IPS-Inter Press Service Deutschland GmbH
IPS-Tagesdienst vom 29. Oktober 2013

Mongolei: Khulan-Wildesel droht Gefahr von allen Seiten

von Michelle Tolson


Bild: Harlequeen/© CC BY 2

Der Mongolische Wildesel ist vom Aussterben bedroht
Bild: Harlequeen/© CC BY 2

Südliche Gobi-Region, Mongolei, 29. Oktober (IPS) - Mongolischen und internationalen Umweltschützern ist es dank gemeinsamer Anstrengungen gelungen, das Przewalski-Pferd, auch Tahki oder Asiatisches Wildpferd genannt, vor dem Aussterben zu bewahren. Inzwischen sind ganze Herden in der mongolischen Steppe und der Halbwüste Gobi unterwegs. Während sich ihre Bestände erholen, geht es mit einem anderen wildlebenden Huftier bergab: dem Mongolischen Wildesel oder Khulan.

Bereits seit fünf Jahren werden die Khulan auf der roten Liste der Weltnaturschutzunion ICUN als eine vom Aussterben bedrohte Art geführt. "Im Vergleich zum viel geschätzten Tahki erfährt der Khulan (Equus hemionus hemionus) viel weniger Aufmerksamkeit", bedauert die französische Verhaltensforscherin Anne-Camille Souris, die seit 2003 an verschiedenen Projekten mit Wildpferden wie der Internationalen Tahki-Gruppe mitgewirkt hat.

"Es wird geforscht, aber kaum gehandelt", kritisiert sie im IPS-Gespräch. Weltweit gebe es 2.000 Tahki und 14.000 Khulan. Doch während die Zahl der Wildpferde ständig steigt, nimmt die Zahl der Wildesel kontinuierlich ab.
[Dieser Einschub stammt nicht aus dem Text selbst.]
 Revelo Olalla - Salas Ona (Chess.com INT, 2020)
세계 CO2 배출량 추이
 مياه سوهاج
Souris ist Gründungsmitglied der 2007 ins Leben gerufenen Non-Profit-Organisation 'Goviin Khulan'. "Wir arbeiten mit lokalen Wissenschaftlern, Spezialisten, Behördenvertretern, Rangern, Beamten, Schulen, buddhistischen Mönchen und der Lokalbevölkerung in den Landesteilen zusammen, in denen wir unsere Untersuchungen durchführen", erläutert sie.

Die Organisation konzentriert sich in erster Linie auf die Südliche Gobi-Region (SGR). Hier sind die meisten Khulan anzutreffen. Kleinere Bestände sind noch in der Dschungarischen und in der Transaltai-Gobi im Südwesten zu finden, die aber vom SGR-Bestand abgeschnitten sind.
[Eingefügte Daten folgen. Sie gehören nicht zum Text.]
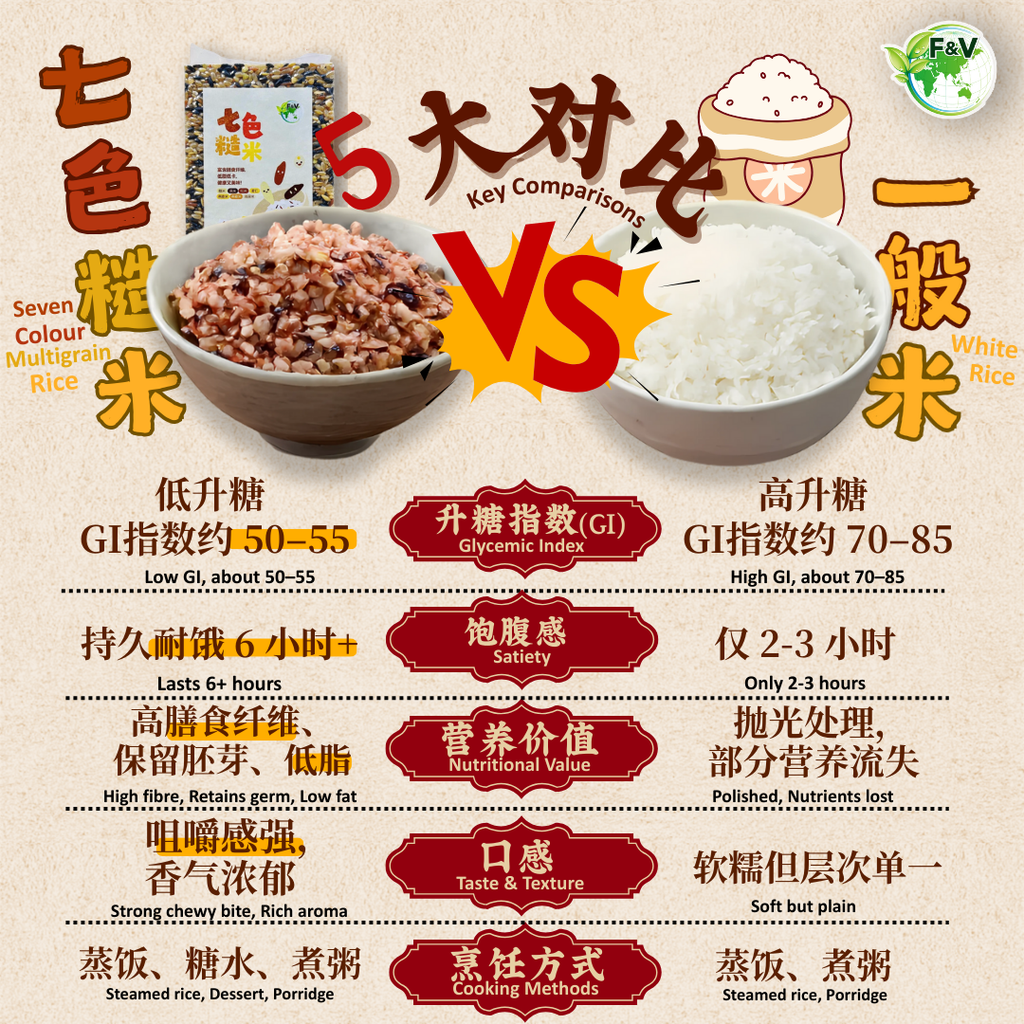 Seven-Color Wholegrain Rice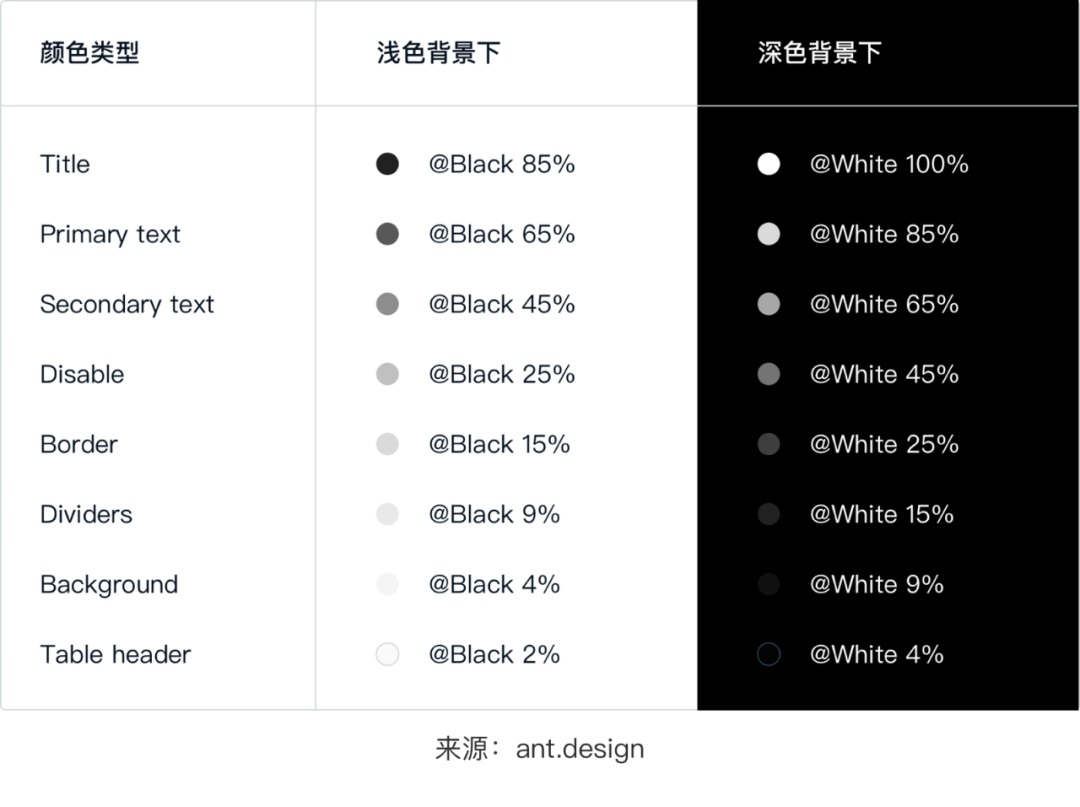 深色模式如何設(shè)計(jì)？從6個(gè)方面總結(jié)深色模式的設(shè)計(jì)細(xì)節(jié)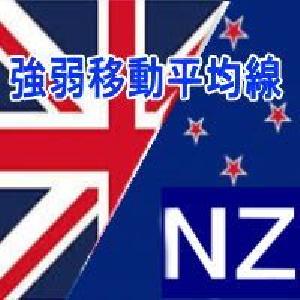 AIに負けない？ストロンゲスト移動平均線！GBPNZD Indicators/E-books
Die meisten Bergbauaktivitäten im Land finden in der mineralienreichen SGR statt. Zwar hat die Regierung in den Provinzen Dornogovi im Südwesten und Omnigobi im Südosten Schutzgebiete eingerichtet, doch ist der Bewegungsradius der Khulan erheblich eingeschränkt. Bedroht wird die Art nicht zuletzt durch die Konkurrenz der domestizierten Nutztiere bei der Futter- und Wassersuche.


Problem Klimawandel

Der Klimawandel hat den mongolischen Ökosystemen in den vergangenen 20 Jahren seinen Stempel aufgedrückt. Wie aus dem Sachstandsbericht über die Folgen des Klimawandels für die Mongolei von 2009 hervorgeht, hat das Land 19 Prozent seines Oberflächenwassers, sieben Prozent seiner Steppe und 26 Prozent seiner Wälder verloren. Die Landverödung hat ihren Radius von 52.000 auf 149.000 Quadratkilometer verdreifacht.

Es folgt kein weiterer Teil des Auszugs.